Bruno begs Maria to tell him how she feels, because he still hopes to convince Father to take them home again, especially if everyone feels the same way as he does. Maria shakes her head sadly, and tells Bruno that his father knows what is best. Under his breath he says, “Stupid Father,” and Maria tells him that he must not say that. Maria says that Father is a good man who takes care of them.
Even though Maria’s body language and hesitation show that she agrees with Bruno’s dislike of Auschwitz and Father’s new position, she knows that it is not safe or proper to bad-mouth Father, due to his role as both family patriarch and Nazi officer.
Bruno admits that how his father had treated Maria and her mother was very nice, and decides to stop trying to recruit Maria to his campaign to leave Out-With. Maria looks out the window, and muses that Father has a kindness in his soul, but that it makes her “wonder what he…how he can…” Her voice drifts off, and cracks as if she is going to cry. Bruno insists she tell him what she was going to say, but then the door slams so loudly downstairs that it seems like a gunshot. It turns out to be Gretel, who comes into Bruno’s bedroom. She demands that Maria run her a bath. Bruno tells her she can do it herself, but Gretel says that that’s what Maria is for, as she is their maid. Maria says she will come soon, and Gretel marches out of the room. Bruno muses that Gretel doesn’t stop to think that Maria is a person with feelings, just like they are.
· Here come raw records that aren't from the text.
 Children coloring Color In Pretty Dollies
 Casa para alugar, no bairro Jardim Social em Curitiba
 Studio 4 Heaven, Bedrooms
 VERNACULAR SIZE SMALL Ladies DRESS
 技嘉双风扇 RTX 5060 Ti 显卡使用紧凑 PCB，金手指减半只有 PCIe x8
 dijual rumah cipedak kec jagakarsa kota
Maria apparently understands the truth about Auschwitz, and what Father’s role in the camp is. She feels conflicted, since the family gives her a job and a home, but she cannot understand how such seemingly nice people can also condone and carry out such horrific actions. Gretel treats Maria the way she has seen Father treat her—like a servant who is subordinate in the household, rather than a friend and fellow human being. One point the novel often makes is that young children do not naturally feel prejudice or hatred—they have to be taught these attitudes. Bruno is thus portrayed as young enough to still be innocent, while Gretel is learning the vices of adulthood.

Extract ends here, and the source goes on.